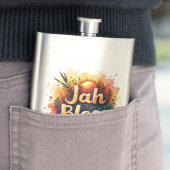 Jah Bless Reggae Watercolor Stainless Steel Flask Flacon (Voorbeeld)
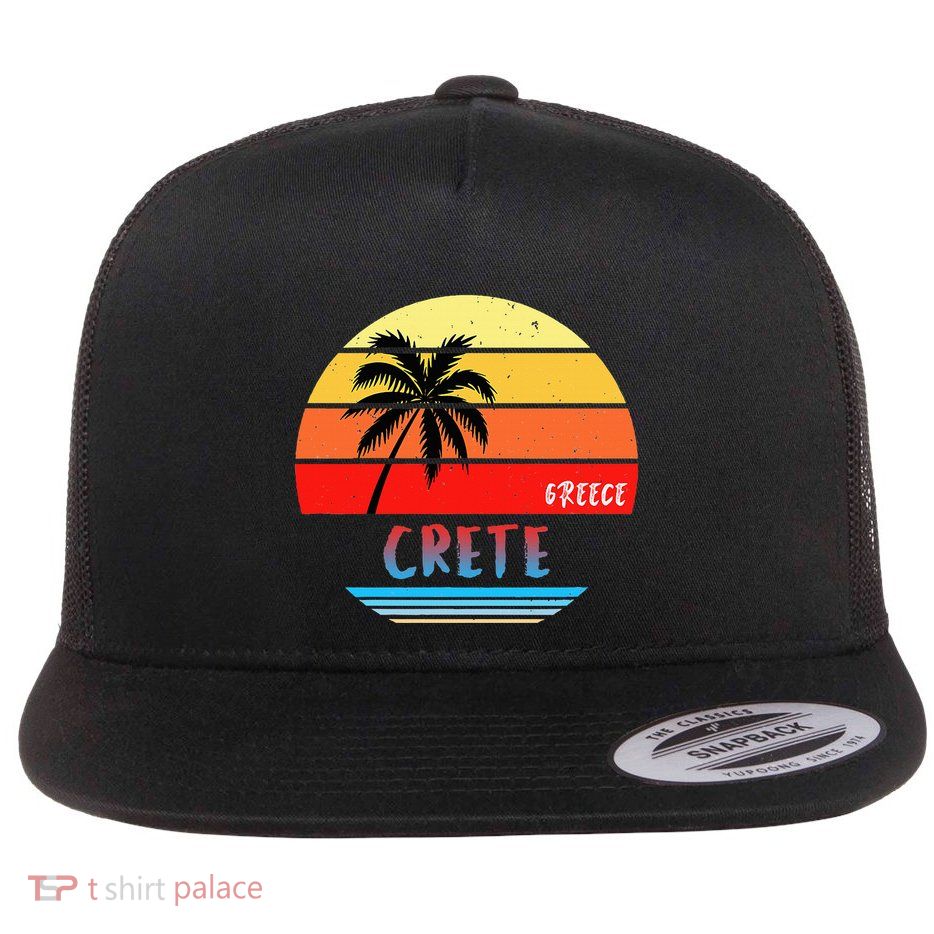 Crete Crete Greece Flatbill Hat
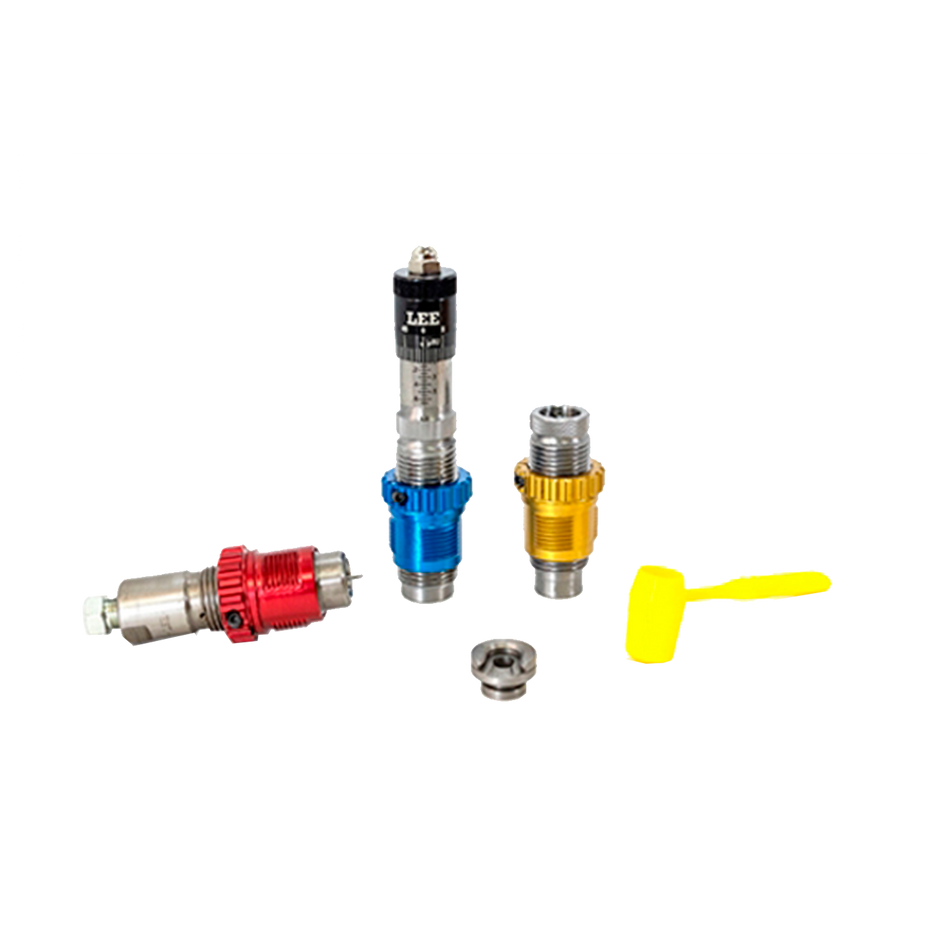 Dies Rifle 3 Peças com Micrômetro e Buchas de Troca Rápida - Lee Precision - Micrometer Breech Lock 3-Die Set - PCE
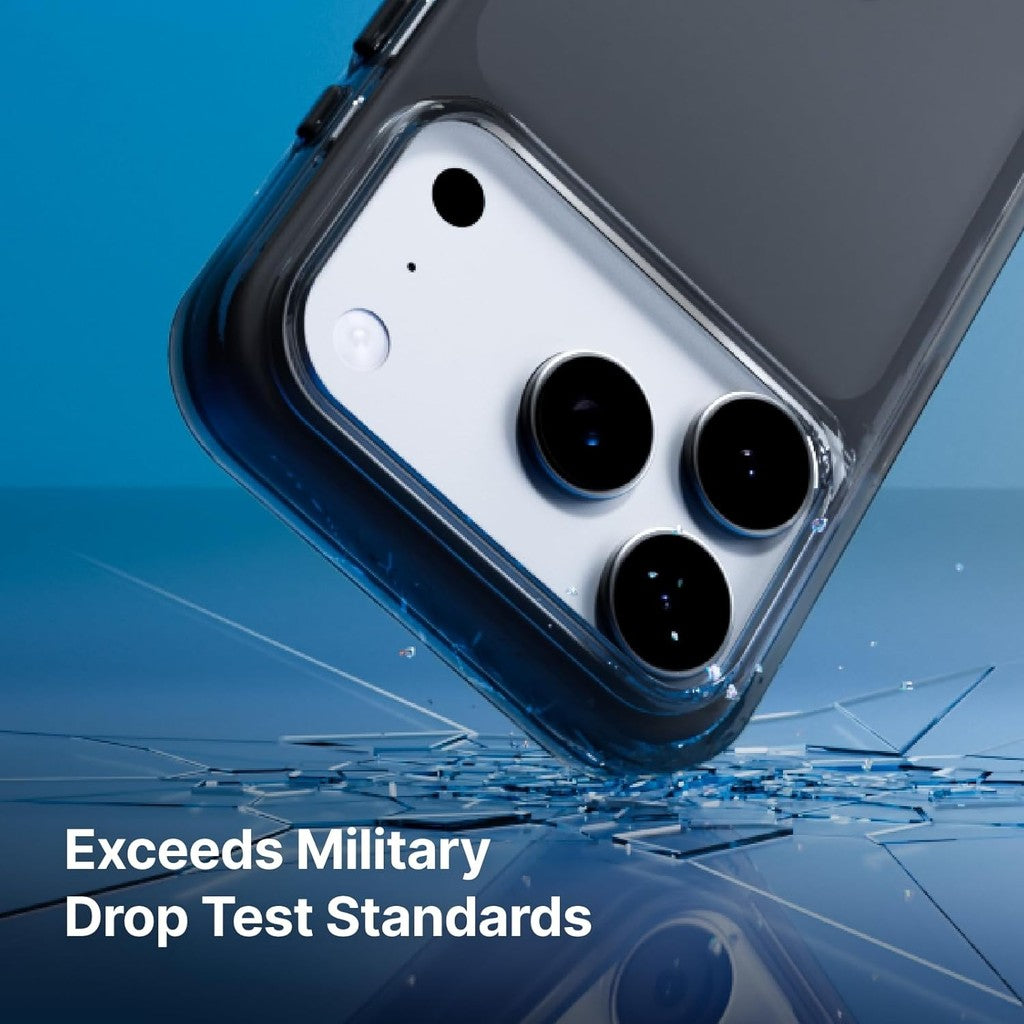 RhinoShield Clear Case for iPhone 17 / Air / Pro / Pro Max - Anti-Yellowing Shockproof, Military Grade Drop Protection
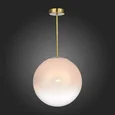 Светильник потолочный ST-Luce Золотистый/Прозрачно-белый E27 1*60W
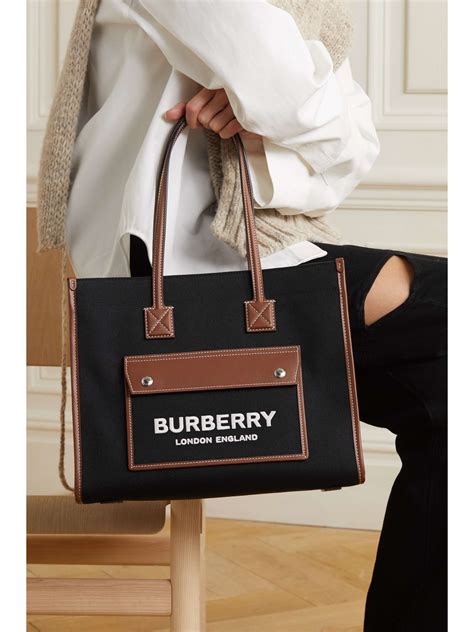 burberry drawstring black tote|net a porter Burberry bag.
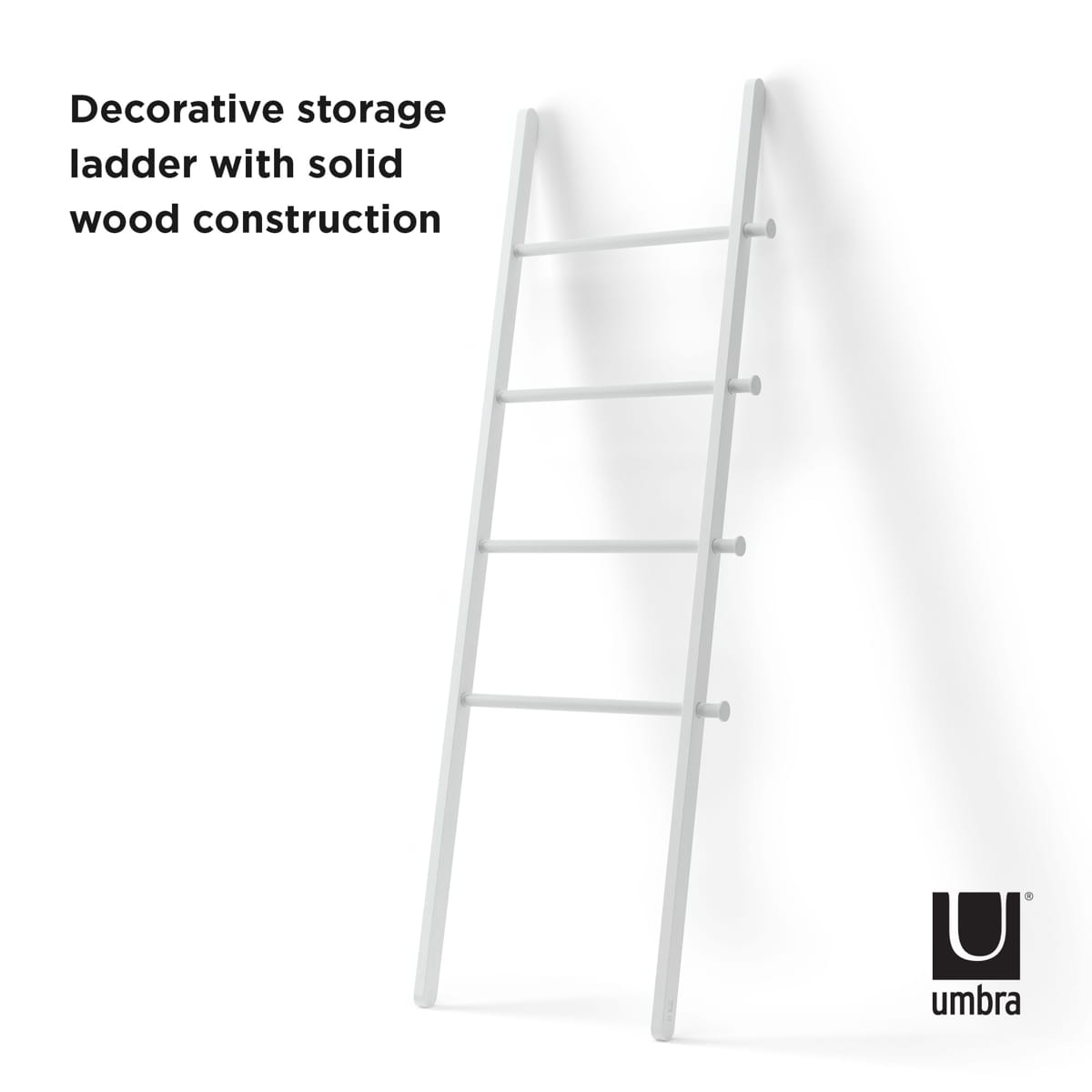 Umbra decoratieve ladder Leana wit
+--
**What this task involves**
Would you repeat each line of the listing exactly, skipping any picture?

**Finished exercise**
 Jah Bless Reggae Watercolor Stainless Steel Flask Flacon (Voorbeeld)
 Crete Crete Greece Flatbill Hat
 Dies Rifle 3 Peças com Micrômetro e Buchas de Troca Rápida - Lee Precision - Micrometer Breech Lock 3-Die Set - PCE
 RhinoShield Clear Case for iPhone 17 / Air / Pro / Pro Max - Anti-Yellowing Shockproof, Military Grade Drop Protection
 Светильник потолочный ST-Luce Золотистый/Прозрачно-белый E27 1*60W
 burberry drawstring black tote|net a porter Burberry bag.
 Umbra decoratieve ladder Leana wit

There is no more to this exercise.